Decreased Nephrostomy Output. Decreased urine output in patients with adequate renal perfusion and adequate intravascular volume may be the result of tube malfunction, occlusion, human error (stopcock in the off position), or dislodgement. The patient presenting with decreased nephrostomy output should initially be evaluated for any potential causes of reduced renal perfusion or intrinsic renal diseases, such as acute tubular necrosis, interstitial nephritis, etc. Further, the physician should attempt to ascertain the patient's nephrostomy output, keeping in mind that normal output is typically regarded as greater than 30 mL/hr (total urine output) in an average-sized adult. If urine output through the nephrostomy is determined to be inadequate, further evaluation of the nephrostomy tube and its components is indicated.
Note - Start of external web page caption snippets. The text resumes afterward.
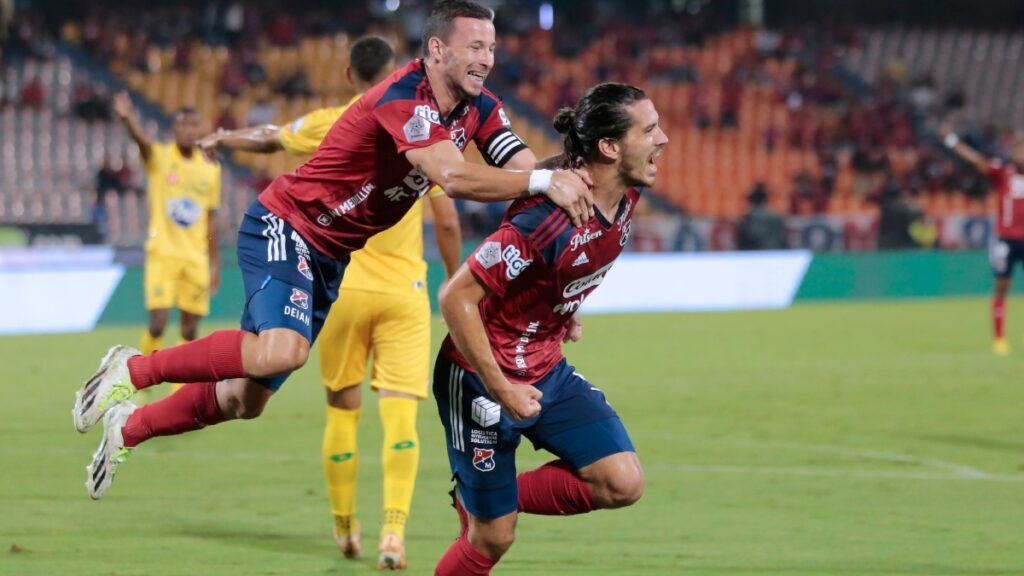 Joaquín Varela celebra un gol con el DIM. - Vizzor Image.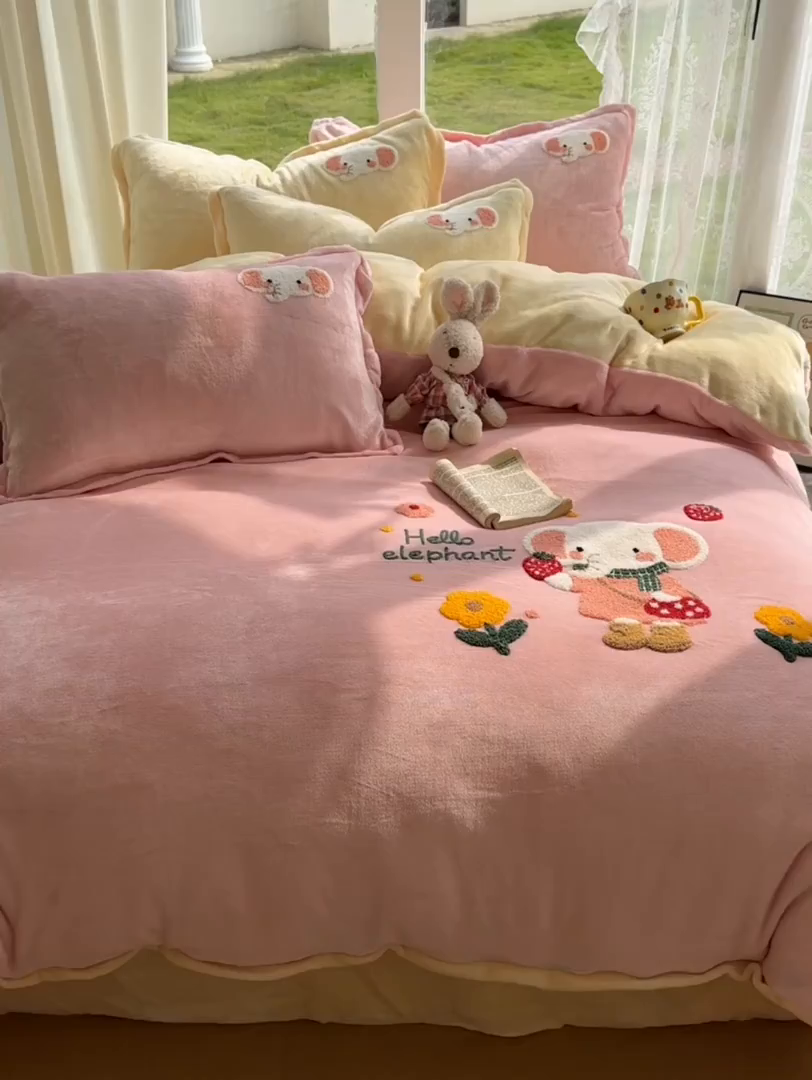 91家纺网 家纺一手货源 找家纺 梵克保罗 2025新款A类牛奶绒毛巾绣四件套（包含买家秀） 小象草莓园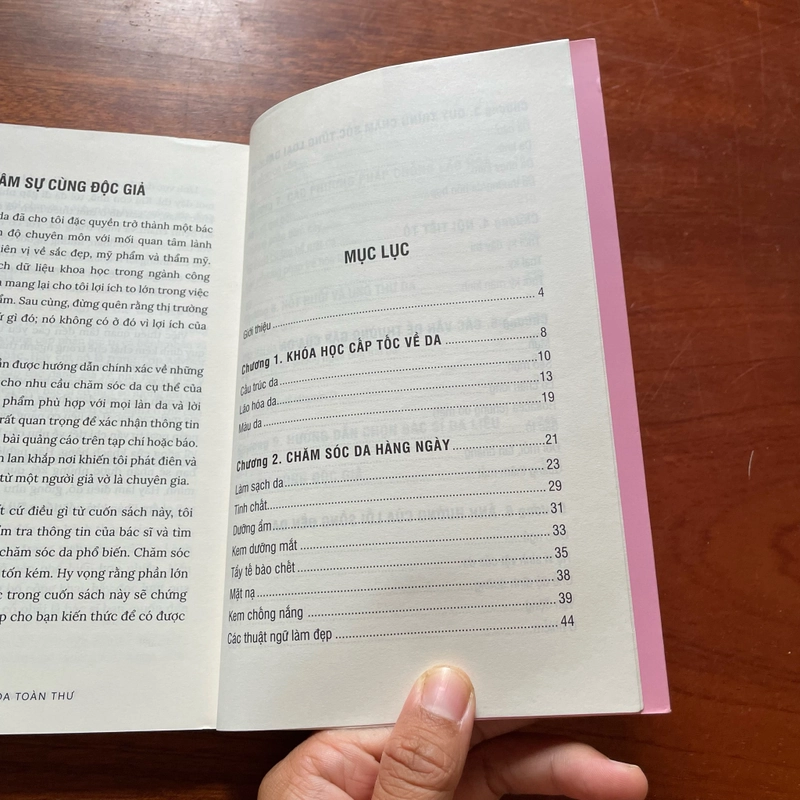 II Sách Làm Đẹp: Dưỡng Da Toàn Thư - ANJALI MAHTO - 2021 494871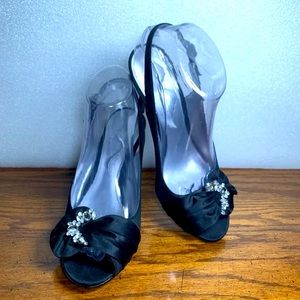 Nina 6.5 dress shoes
Initially, inspect the tubing and stopcock to ensure that the stopcock is in the proper position to allow flow and that there are no obvious kinks, clogs, or encrustations in the tubing itself. If no obvious cause is identified, the physician should then attempt flushing the tube. Swab the injection port on the stopcock with alcohol, then turn the stopcock off to the collection bag and slowly instill 5 cc of preservative-free normal saline. Next, turn the stopcock off to the kidney and flush the distal tubing (into the collection bag), and, finally, return the stopcock to the "on" position and observe for return of flow. If unsuccessful, the tube may be dislodged or irreversibly occluded and likely needs to be replaced by interventional radiology or urology.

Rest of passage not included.